The Russian Finance Ministry and central bank have announced their plans to ease restrictions on dividend payments to foreigners investing in the Russian economy. These restrictions were implemented as part of capital controls in response to Western sanctions imposed on Russia.
According to a statement released on the ministry’s website, foreign individuals will now be able to receive dividends without any restrictions. However, the amount of dividends should not exceed the volume of their investments in Russia. This move aims to promote foreign investment in the country’s economy.
In addition to the removal of restrictions, there are also certain conditions for dividend payments to non-residents from jurisdictions deemed “unfriendly” by Russia. These conditions include making investments in Russia after April 1, 2023, and contributing to the expansion of production in the country as well as the development of new technologies.
Previously, the volume of dividend payments was limited to 50% of the total net profit of the previous year, subject to the fulfillment of specific key performance indicators (KPIs). However, these restrictions are now being relaxed to encourage more foreign investment.
Russian Finance Minister Anton Siluanov emphasized the importance of foreigners continuing to work in Russia.
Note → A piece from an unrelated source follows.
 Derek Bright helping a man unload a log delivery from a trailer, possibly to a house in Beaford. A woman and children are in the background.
Companies will only be eligible to receive dividends if they demonstrate a commitment to staying in the country, maintaining jobs, and continuing their operations.
This announcement is expected to attract more foreign investors to the Russian economy, as it provides them with greater flexibility and incentives to invest. It also reflects Russia’s ongoing efforts to strengthen its economy and reduce its reliance on Western countries.
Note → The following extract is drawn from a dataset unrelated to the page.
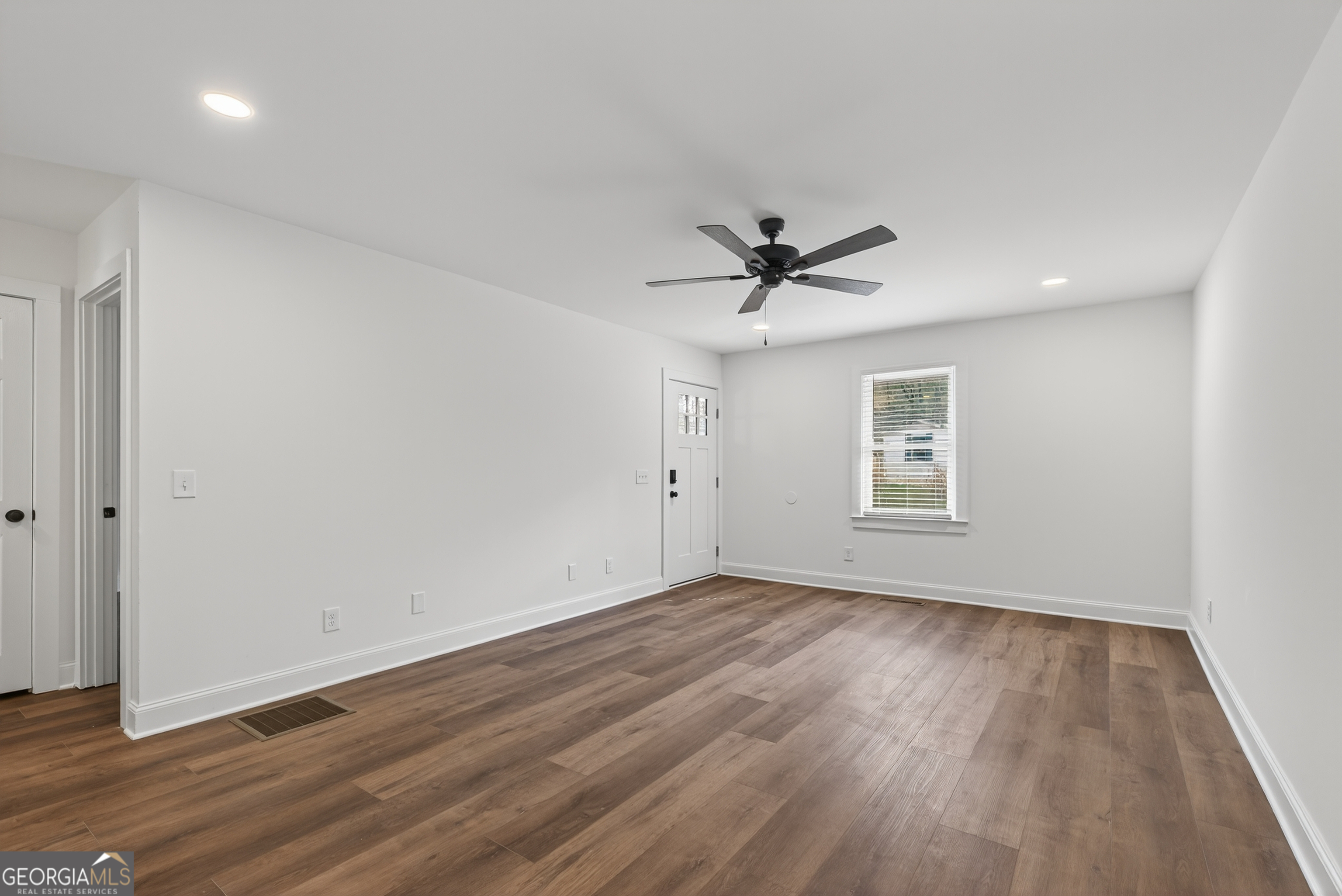 475 Vine Street, Unit B Madison, GA 30650 - Photo 7 of 23 a view of a big room with wooden floor and windows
The relaxation of dividend payment restrictions aligns with Russia’s broader strategy to diversify its economy and focus on sectors such as technology and manufacturing. By encouraging foreign investment in these sectors, Russia aims to drive innovation and economic growth.
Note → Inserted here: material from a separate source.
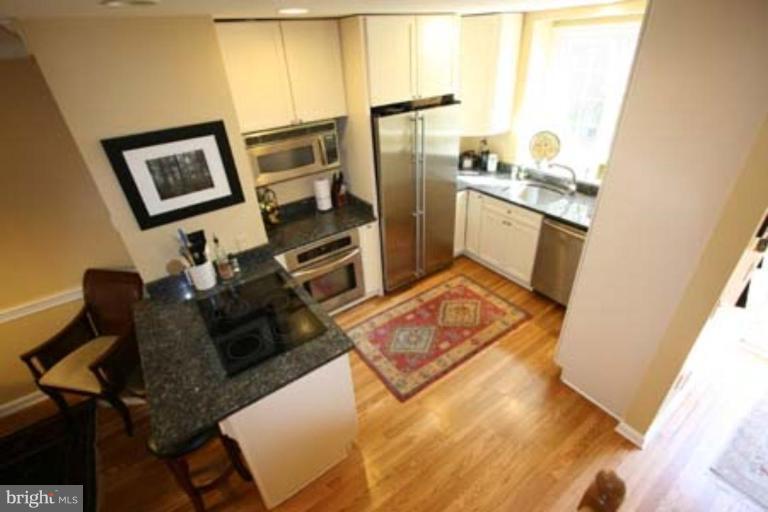 1123 Portner Road Alexandria, VA 22314 - Photo 2 of 10 a living room with furniture a flat screen tv and a refrigerator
These developments come at a time when Russia is actively seeking to improve its business environment and attract more foreign direct investment. In recent years, the country has taken steps to simplify regulations, enhance investor protection, and create favorable conditions for doing business.
Overall, the decision to ease dividend payment restrictions demonstrates Russia’s commitment to attracting foreign investment and contributing to the growth and development of its economy. It is a positive step towards increasing investor confidence and building stronger economic ties with foreign partners.